Jika dan hanya jika data OJK benar dan inipun disertai asumsi bahwa semua korban pinjol melapor ke OJK, selama kurun waktu 2019-2021 tercatat 19.711 korban pinjol yang mengadu: 9.270 kasus termasuk ke dalam pengaduan berat, sementara sisanya 10.441 termasuk pelanggaran ringan atau sedang. Apa tindakan OJK? OJK malah makin sibuk membuat klasifikasi pinjol legal dan pinjol illegal.

Mengapa pinjol liar? Bukan lagi sekedar hipotesa, saya yakin, bahwa keliaran pinjol merupakan perpaduan dua hal sekaligus. Dari sisi permintaan: financial illiteracy! Financial illiteracy ini pada saat yang sama dihadapkan dengan target OJK bahwa pada tahun 2024 tercapai financial inclusion sebesar 90%.  OJK membabi buta mengajak seluruh pelaku industri jasa keuangan (termasuk pinjol tentunya!) untuk bersama-sama berusaha mencapainya.  Sedangkan financial inclusion adalah ketersediaan dan kesetaraan peluang untuk mengakses layanan keuangan. Hal ini karena OJK mendefinisikan financial inclusion sebagai proses dimana individu dan bisnis dapat mengakses produk dan layanan keuangan yang tepat, terjangkau, dan tepat waktu.

OJK Kemana?

Hubungan antara pinjol dengan debiturnya adalah hubungan keperdataan yang menuntut kesetaraan posisi kedua belah pihak. Konsumen yang desperates butuh uang tapi tidak punya kolateral dan tanpa literasi keuangan yang memadai akan berhadapan dengan pinjol yang atas nama financial inclusion nampaknya memberikan kemudahan dan jalan keluar bagi debitur dengan menjaminkan reputasi dan harga diri.

Pertanyaan “OJK Kemana?” menjadi gema yang bertalu-talu, percis seperti yang ditanyakan oleh para pemegang polis asuransi Jiwasraya, Bumi Putera, Kresna Life. OJK nampak sibuk mendefinisikan dan mengklasifikasikan mana pinjol legal dan pinjol illegal, sementara OJK gagal mendefinisikan mana licensing dan mana pula registering.

Pengawas Sektor Keuangan kemudian membuat pembedaan berdasarkan terdaftar atau tidaknya pinjol di OJK antara pinjol legal dan pinjol illegal.
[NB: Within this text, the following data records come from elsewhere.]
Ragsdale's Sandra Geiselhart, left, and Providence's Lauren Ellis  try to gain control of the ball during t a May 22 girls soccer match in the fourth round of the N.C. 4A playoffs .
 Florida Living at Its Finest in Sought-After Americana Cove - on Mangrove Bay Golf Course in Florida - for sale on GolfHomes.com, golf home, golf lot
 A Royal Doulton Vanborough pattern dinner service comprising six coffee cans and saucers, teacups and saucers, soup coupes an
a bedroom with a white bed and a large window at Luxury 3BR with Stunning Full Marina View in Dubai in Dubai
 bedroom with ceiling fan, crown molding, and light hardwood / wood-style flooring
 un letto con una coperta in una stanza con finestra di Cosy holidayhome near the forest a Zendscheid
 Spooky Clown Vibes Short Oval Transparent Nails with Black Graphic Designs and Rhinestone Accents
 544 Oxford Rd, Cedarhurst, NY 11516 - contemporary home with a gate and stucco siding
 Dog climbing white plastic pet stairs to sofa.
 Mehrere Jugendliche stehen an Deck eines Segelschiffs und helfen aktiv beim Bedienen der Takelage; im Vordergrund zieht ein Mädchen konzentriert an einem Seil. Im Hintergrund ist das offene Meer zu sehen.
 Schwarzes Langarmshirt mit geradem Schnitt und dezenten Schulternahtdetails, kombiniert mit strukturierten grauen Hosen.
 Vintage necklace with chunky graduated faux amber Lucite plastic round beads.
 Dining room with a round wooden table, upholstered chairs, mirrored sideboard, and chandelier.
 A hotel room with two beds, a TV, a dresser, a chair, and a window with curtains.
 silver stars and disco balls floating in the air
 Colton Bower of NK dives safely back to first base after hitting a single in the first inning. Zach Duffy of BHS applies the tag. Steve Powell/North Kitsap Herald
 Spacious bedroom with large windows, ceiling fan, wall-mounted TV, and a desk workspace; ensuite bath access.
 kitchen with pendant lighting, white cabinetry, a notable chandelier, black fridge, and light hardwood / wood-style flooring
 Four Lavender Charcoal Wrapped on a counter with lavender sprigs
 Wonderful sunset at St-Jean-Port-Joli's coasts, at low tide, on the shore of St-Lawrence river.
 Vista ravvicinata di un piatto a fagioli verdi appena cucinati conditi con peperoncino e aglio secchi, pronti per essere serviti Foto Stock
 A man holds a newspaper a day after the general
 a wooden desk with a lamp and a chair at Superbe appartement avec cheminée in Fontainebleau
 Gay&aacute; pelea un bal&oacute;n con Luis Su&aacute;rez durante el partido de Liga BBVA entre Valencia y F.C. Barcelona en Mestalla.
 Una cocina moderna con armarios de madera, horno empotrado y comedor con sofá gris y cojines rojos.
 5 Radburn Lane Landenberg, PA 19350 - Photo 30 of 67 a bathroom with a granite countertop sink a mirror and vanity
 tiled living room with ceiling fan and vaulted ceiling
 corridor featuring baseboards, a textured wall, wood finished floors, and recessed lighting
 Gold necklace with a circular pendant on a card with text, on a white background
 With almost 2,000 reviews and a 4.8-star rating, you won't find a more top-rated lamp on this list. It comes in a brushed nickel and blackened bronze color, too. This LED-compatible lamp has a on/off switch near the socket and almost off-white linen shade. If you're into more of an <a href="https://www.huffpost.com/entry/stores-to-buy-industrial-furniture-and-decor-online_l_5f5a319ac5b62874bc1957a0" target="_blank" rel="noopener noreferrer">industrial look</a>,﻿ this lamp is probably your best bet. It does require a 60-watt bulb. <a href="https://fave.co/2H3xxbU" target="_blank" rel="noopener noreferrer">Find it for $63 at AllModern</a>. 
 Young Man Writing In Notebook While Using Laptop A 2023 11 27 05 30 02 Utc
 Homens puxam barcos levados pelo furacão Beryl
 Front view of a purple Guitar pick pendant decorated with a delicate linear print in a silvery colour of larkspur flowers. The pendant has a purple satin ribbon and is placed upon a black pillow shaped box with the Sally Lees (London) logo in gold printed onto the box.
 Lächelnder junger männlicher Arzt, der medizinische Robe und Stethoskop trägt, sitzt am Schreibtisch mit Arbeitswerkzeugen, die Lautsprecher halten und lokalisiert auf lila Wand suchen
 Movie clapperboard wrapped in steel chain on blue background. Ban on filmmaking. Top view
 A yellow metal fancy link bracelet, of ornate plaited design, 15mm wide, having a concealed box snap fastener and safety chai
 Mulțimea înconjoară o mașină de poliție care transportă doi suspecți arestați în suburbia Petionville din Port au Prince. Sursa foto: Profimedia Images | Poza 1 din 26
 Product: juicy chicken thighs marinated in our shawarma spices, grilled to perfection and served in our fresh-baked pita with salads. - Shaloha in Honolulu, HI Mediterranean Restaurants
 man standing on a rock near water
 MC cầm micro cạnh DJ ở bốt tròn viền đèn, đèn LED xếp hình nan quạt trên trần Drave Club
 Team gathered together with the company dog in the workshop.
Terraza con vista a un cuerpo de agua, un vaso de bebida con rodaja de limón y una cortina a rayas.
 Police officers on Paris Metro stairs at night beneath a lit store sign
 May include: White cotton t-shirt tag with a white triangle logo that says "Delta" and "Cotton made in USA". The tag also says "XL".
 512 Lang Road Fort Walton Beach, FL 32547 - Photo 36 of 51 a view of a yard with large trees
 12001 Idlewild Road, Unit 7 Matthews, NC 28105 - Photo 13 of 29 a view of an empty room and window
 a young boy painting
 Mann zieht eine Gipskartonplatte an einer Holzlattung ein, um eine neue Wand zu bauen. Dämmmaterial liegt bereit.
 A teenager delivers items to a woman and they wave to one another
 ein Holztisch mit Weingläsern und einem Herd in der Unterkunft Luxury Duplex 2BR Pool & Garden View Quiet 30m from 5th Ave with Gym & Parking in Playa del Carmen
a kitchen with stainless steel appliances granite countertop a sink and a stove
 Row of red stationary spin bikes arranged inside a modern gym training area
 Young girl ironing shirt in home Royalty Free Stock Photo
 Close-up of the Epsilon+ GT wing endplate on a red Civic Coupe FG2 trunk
Nampaknya OJK gagap dan kebingungan, pinjol atau fintech masuk ke domain pengawasan yang mana: perbankan; asuransi; pasar modal atau lembaga pembiayaan? Ya, OJK telah gagal total melaksanakan Pasal 4 UU No 21 Tahun 2011 tentang OJK. Bahwa OJK dibentuk dengan tujuan agar keseluruhan kegiatan di dalam sektor jasa keuangan: a. terselenggara secara teratur, adil, transparan, dan akuntabel; b. mampu mewujudkan sistem keuangan yang tumbuh secara berkelanjutan dan stabil; dan c. mampu melindungi kepentingan Konsumen dan masyarakat. Malah sebaliknya memangsakan konsumen kepada pinjol.

Eniwei, terimakasih kepada OJK yang melalui POJK No 77/POJK.01/2016, telah menambah entri baru dalam KBBI: pinjol, pinjaman online; pinjaman daring!